I’m also not all that great at remembering to charge devices. Which isn’t helpful if you aren’t carrying a backup (but what’s the point then?) in your bag/car. AND I really don’t like not owning my copy. Obviously Amazon can choose to pull your purchase from your reader if they so choose – I’d like to see them take my paper copy! I’ve also noticed that e-copies tend to be edited less well – or maybe that’s because of the different formats each book has to be presented in? Although there is no excuse for some of the horrible spelling errors, grammar errors, name errors, and outright missing/moved sections that I have come across.
Basically I guess I have a variety of reasons why e-readers won’t win my heart. Some of it is difficulty on my end and some of it is difficulty on the seller’s end. Either way, I don’t see that this format has actually finished maturing. Maybe that means the plateau is permanent. I doubt it, but maybe.

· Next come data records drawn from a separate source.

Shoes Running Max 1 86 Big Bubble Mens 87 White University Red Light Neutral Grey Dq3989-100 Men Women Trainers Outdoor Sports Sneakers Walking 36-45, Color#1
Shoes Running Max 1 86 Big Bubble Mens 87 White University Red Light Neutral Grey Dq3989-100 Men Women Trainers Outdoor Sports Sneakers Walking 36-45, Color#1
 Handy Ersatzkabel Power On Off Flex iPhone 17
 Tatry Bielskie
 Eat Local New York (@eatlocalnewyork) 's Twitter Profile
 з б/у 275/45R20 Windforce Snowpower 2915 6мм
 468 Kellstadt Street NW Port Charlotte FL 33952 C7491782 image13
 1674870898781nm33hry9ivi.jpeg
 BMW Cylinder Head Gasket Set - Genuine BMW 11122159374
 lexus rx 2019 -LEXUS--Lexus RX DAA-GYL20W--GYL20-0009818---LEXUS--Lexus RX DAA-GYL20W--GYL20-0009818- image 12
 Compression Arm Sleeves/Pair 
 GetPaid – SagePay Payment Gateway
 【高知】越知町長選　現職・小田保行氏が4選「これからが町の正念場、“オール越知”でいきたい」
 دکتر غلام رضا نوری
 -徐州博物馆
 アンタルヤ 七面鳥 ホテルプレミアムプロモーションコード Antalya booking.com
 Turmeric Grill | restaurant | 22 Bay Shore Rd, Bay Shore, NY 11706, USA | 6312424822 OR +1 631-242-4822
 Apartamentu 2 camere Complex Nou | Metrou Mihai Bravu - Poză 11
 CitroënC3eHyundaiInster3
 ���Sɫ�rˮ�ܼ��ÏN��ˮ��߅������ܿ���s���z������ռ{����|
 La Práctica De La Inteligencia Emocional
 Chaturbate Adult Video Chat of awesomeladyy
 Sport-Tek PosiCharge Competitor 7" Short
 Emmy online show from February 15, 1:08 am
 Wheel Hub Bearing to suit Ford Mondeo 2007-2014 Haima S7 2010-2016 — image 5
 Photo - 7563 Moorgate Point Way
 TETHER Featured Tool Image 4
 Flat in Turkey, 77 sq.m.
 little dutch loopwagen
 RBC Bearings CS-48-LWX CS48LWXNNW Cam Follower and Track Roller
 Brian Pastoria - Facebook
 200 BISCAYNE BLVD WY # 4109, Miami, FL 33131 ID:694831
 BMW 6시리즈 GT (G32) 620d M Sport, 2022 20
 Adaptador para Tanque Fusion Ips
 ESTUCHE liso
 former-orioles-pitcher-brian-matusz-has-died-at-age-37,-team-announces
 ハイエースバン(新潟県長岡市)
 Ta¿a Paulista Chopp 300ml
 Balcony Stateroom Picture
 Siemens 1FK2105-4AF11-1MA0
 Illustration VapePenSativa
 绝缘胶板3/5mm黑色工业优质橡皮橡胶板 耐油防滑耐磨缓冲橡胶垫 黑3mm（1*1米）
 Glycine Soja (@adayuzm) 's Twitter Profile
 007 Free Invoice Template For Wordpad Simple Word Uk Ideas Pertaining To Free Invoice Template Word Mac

@Laura Vivanco: There are many, many books out there which are DRM free, certainly the majority of self-published ones. I suppose everyone has their own idea of what constitutes ‘expensive’ but I don’t apply that to the price of a Kindle which can be purchased for under $70.
I would say that you seriously underestimate the sales that are excluded by not counting self-published sales. In fact, I am quite certain of it.
I’m a total convert to digital and am slowly replacing my paper books because I can no longer read the font comfortably. These days, if it’s not digital, it don’t get bought. ;-)
I love to read, but the activity always gave me severe headaches. My mother was always telling me to read less, but I couldn’t bear the thought. Then my dad bought me a kindle for my birthday one year. I tried out a few digital books and discovered that reading on an e-reader caused significantly less headaches. I think it must have something to do with how I hold a print book versus an e-reader and also not having to physically turn pages.
Anyway, I am now a 100% ebook reader. It helps that my public library has such a vast collection of ebooks and is willing to make client suggested purchase requests. I have a hard time paying the same price for an ebook as a print book, especially since there is no paper, ink or shipping and handling involved. I find it annoying to pay $7.99 for an ebook when the print copy sells for the same amount, so unless it is an author I love, I will mostly borrow traditionally published books. This means most of the ebooks I buy are indie. Excluding those sales doesn’t show the whole picture.
@AJ: I’m the same way. Over the past three years, I’ve become a digital-only reader. I love books, but can’t read a print book for hours on end because I get tension headaches.
When I’m forced to read print, because there’s no digital version, I get a headache again. I read on my iPad and love the sepia background. It’s relaxing, I can turn down the brightness, and I can make the print larger if I want.
The big benefit of going digital: no more wondering where I’m going to put all the books I bring home. My iPad holds thousands of ebooks… no shelf-building needed. :-)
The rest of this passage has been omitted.